IDSes (Intrusion Detection Systems) are quickly becoming an integral part of any organization’s network. For most companies, implementing an IDS is the next logical step after deploying a firewall, as it provides a second layer of security by helping to identify an attack or malicious traffic that makes it through the firewall. As with any technology, several IDS variants are available. Traditionally, two main models have been used: signature systems and anomaly-based systems.
A signature system contains a database of known attack signatures, and it alerts administrators when it identifies traffic on the network that matches one of these signatures. Detractors are quick to point out the faults of these systems, which include the need to keep the signature database updated, the fact that attacks using packet fragmentation go unnoticed, and the sheer inability of some systems to keep up with network bandwidth, dropping packets when they are overloaded with data.
Anomaly-based systems were designed to combat the database signature problems and to be a bit more proactive than signature systems. These systems understand protocols, such as FTP, HTTP, and Telnet. Exploits usually do not follow the standards, or else they are unexpected request; anomaly-based systems look for these events and alert administrators when they occur.
Although anomaly-based systems removed the signature database from the picture, they still do not address two main problems: large numbers of false positives, meaning they raise alerts against valid traffic, and the fact that they are still very reactive solutions. By the time an administrator has received an alert, the attack has usually already occurred.

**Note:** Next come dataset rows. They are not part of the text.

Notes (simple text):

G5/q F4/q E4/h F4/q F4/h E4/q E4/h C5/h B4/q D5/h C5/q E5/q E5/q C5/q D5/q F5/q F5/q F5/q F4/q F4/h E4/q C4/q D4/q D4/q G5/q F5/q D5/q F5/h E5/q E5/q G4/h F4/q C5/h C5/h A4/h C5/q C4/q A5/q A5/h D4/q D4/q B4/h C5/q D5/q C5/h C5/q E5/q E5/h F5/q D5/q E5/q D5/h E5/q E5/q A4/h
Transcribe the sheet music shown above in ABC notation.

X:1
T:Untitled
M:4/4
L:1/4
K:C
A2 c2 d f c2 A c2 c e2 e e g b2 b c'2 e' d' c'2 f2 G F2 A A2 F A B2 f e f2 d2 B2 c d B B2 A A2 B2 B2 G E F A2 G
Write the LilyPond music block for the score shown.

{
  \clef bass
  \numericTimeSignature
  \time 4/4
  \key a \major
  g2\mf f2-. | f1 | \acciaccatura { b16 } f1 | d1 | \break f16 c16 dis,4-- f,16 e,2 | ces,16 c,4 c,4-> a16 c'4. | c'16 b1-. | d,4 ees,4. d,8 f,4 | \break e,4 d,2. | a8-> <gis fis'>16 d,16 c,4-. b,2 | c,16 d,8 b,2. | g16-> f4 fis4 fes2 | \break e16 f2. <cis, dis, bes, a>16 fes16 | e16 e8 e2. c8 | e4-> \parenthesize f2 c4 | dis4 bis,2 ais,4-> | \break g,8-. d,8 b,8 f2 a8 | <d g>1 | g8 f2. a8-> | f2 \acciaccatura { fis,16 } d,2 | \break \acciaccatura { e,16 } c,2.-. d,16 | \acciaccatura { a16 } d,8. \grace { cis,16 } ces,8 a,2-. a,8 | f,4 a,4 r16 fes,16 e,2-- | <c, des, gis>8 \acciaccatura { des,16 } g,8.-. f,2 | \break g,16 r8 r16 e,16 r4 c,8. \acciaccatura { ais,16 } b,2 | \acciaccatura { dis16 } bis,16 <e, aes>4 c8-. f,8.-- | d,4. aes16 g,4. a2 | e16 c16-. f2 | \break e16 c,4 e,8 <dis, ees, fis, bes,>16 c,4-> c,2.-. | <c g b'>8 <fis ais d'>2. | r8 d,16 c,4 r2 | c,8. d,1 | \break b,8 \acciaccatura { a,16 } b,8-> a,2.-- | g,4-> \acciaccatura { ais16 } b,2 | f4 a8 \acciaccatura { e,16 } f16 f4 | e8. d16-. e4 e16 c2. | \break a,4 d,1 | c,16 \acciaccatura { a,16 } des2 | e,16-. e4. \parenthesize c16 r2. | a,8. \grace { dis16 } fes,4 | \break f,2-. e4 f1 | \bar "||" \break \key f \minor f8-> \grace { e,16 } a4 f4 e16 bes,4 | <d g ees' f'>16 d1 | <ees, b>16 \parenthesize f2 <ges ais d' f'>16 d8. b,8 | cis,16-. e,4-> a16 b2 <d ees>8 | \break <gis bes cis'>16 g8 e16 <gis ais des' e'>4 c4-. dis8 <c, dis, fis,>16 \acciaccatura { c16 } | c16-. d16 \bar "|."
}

ForeScout has introduced a new approach to intrusion detection that aims to decrease the number of false positives and be a bit more proactive in its response. ForeScout ActiveScout recognizes network reconnaissance – ping sweeps, port scans, and user-name enumeration – or the tools attackers use to gather information about a given network to launch a targeted attack.
For example, when ActiveScout identifies a port scan, it tags the traffic and sends back an answer to the attacker that appears to be a valid response. In reality, the response is invalid. ActiveScout may return a value for the port scan saying that FTP is open on port 21 when it is not actually open on the server. When the attacker tries to exploit this nonexistent FTP server, ActiveScout knows this is an exploit attempt and sends an alert. Once an alert has been sent, ActiveScout can take several actions: monitor activity, report activity, or block traffic from the source.
IDSes provide value in any organization as long as they can handle the amount of traffic thrown at them and they limit the number of false positives reported to administrators. New developments in IDS technology are working to resolve these issues, with ForeScout’s ActiveScout being the latest addition.
No single type of IDS solution can provide adequate protection. The best approach is a hybrid that combines the best aspects of signature detection, protocol analysis, and network reconnaissance. Once the integration of the Network Ice IDS technology is complete, ISS’s Real Secure product will be a strong signature/protocol analysis hybrid. ActiveScout is adding a small signature database to its product with the addition of some known malicious or suspicious URLs. Expect to see more and more hybrid solutions on the market in the future.
THE BOTTOM LINE
Intrusion Detection Systems
Executive Summary: IDSes can help identify malicious attacks, but problems with false positives may leave administrators chasing their own tails.
Test Center Perspective: New developments in IDS technology help to reduce false positives and to prevent attacks more proactively.